Originele werken bij dit onderwerp zijn te vinden op de pagina Den Haag “Bonne Ville de l'Empire” diploma 1813 op Wikisource.

In 1813 zou Van Schinne een delegatie van de Haagse vroedschap naar Parijs leiden, om daar als dank voor het verheffen van Den Haag tot “Bonne Ville d'Empire” hulde te brengen aan keizerin Marie Louise, de tweede vrouw van Napoleon. Baron Goswin de Stassart, de prefect van het departement van de Monden van de Maas, had om politieke redenen met klem op dit bezoek aangedrongen. Van Schinne zou worden vergezeld door raadslid Pierre Philippe Quarles van Ufford (1784-1857) en Petrus Judocus van Oosthuyse (1763-1816), heer van Rijsenburg.[1] De adjunct-maire van Den Haag, Jeremias Faber van Riemsdijk, zou het ambt van maire voor hem waarnemen. Met de val van de keizer in 1813 kwam ook een einde aan de baan van Van Schinne als maire van Den Haag. Vanwege het tumult rondom het einde van het Franse keizerrijk moesten maire Van Schinne en zijn delegatie geruime tijd in Parijs blijven.

Terugkeer[bewerken | brontekst bewerken]

Toen Van Schinne in 1814 terugkeerde uit Frankrijk, werd hij in Den Haag niet enthousiast ontvangen. Door zijn tocht naar het hof van Napoleon in Parijs had hij zich van velen vervreemd. Hij richtte zich tot de nieuwe koning Willem I in een poging om zijn handelen ten tijde van de Franse overheersing te rechtvaardigen. Een aanstelling in een leuke honoraire baan zat er niet in voor hem, desondanks zou hij in bij Koninklijk Besluit van 16 September 1815 worden verheven in de Nederlandse adelstand. Mogelijk speelde daarbij mee dat zijn broer Abraham van Schinne de Prins van Oranje tijdens diens ballingschap in Engeland trouw had gediend. Jonkheer Isaäc van Schinne kon door zijn verheffing zitting nemen in de Ridderschap van Holland en werd nog aangesteld als plaatsvervangend lid in de Staten van Holland en West-Friesland, een functie die hij niet daadwerkelijk zou uitoefenen omdat hij niet lang daarna overleed in 1831. Het adellijke geslacht Van Schinne was geen lang bestaan vergund: het zou al één generatie na Isaäc van Schinne uitsterven in mannelijke én vrouwelijke lijn.

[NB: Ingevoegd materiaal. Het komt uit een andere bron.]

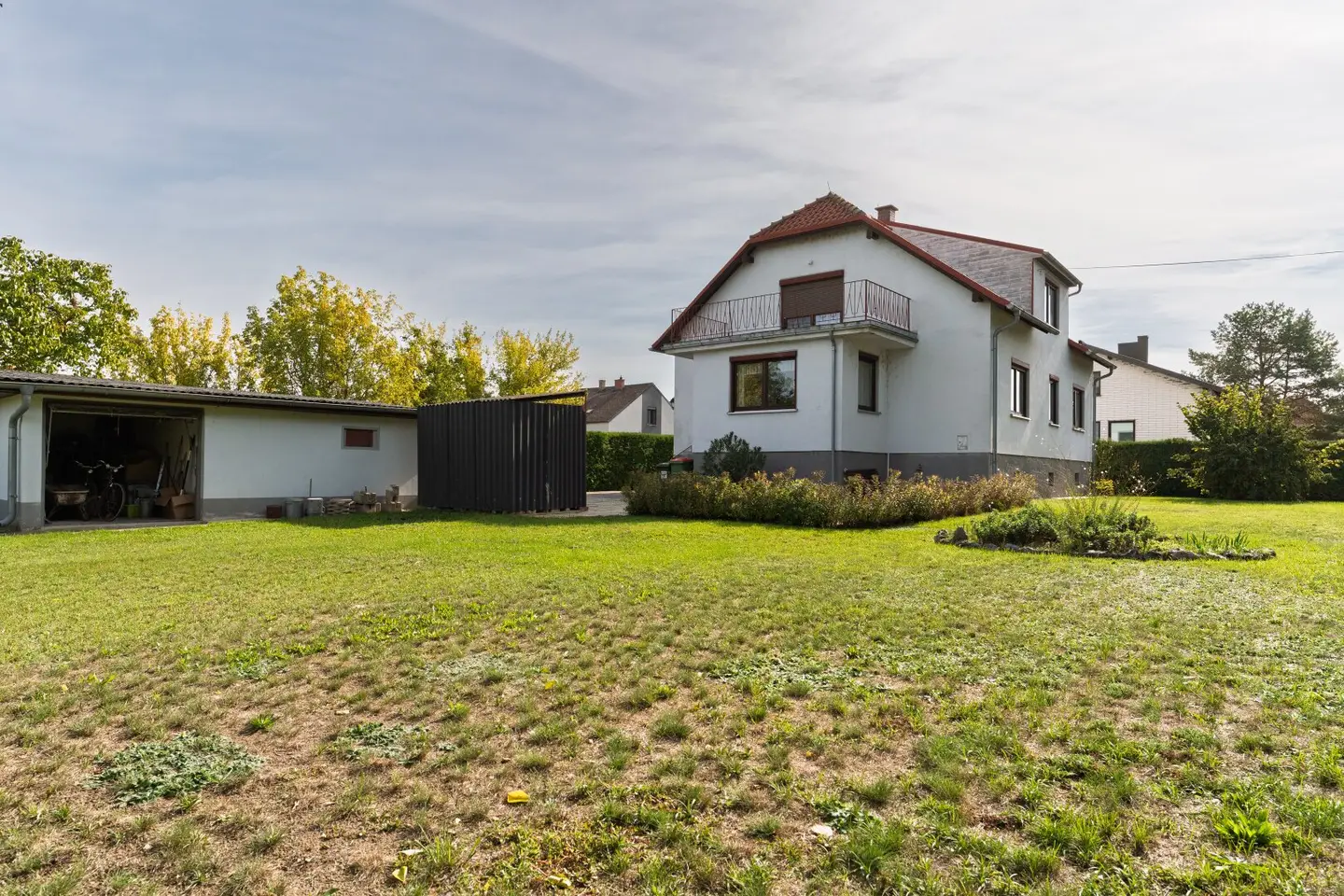 Zu Fuß zum Bahnhof! Großzügiges Einfamilienhaus mit 1.317m² Grundstück in Marchegg – Ihr Sanierungsprojekt!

Privéleven[bewerken | brontekst bewerken]

Van Schinne huwde in 1790 met Johanna Theodora Mossel (1767-1835). Zij was de kleindochter van Gouverneur-generaal Jacob Mossel. Ook haar vader Jacob Mossel jr was een ondernemend man. Hij nam onder andere deel in de drooglegging van de polder Zestienhoven. Na het uitbreken van de Bataafse Revolutie braken voor Van Schinne en zijn gezin minder makkelijke tijden aan en moesten ze goedkoper gaan wonen, in het nog altijd zeer comfortabele Huis Buitenzorg nabij Vianen.

Door het overlijden in 1797 van schoonvader Jacob Mossel jr. ontving Johanna Mossel een aanzienlijke erfenis en konden zij voorlopig terug verhuizen naar Rotterdam, waarna zij al snel hun intrek namen in Jacob Mossel's landgoed “Groot Haesebroek” in Wassenaar. De erfenis van Johanna Mossel was afkomstig van beide families van haar ouders, want ook haar moeder Maria van Herzeele had landerijen in haar bezit. Het vormde de grondslag van de aanzienlijke rijkdom van Isaäc van Schinne. In 1802 koopt Van Schinne een kapitaal huis aan het Lange Voorhout nummer 1 in Den Haag. Op deze plaats staat tegenwoordig het gebouw De Zeven Provinciën. De Van Schinne's woonden daarna afwisselend op Groot Haesebroek en het Lange Voorhout.

Van Schinne's zoon Pieter Isaäc werd dankzij de invloed van zijn vader aangesteld als page van koning Lodewijk Napoleon, echter de invloed van zijn vader kon niet verhinderen dat hij in dienst moest treden bij het Franse leger. Pieter Isaäc van Schinne zou niet terugkeren van de Veldtocht van Napoleon naar Rusland.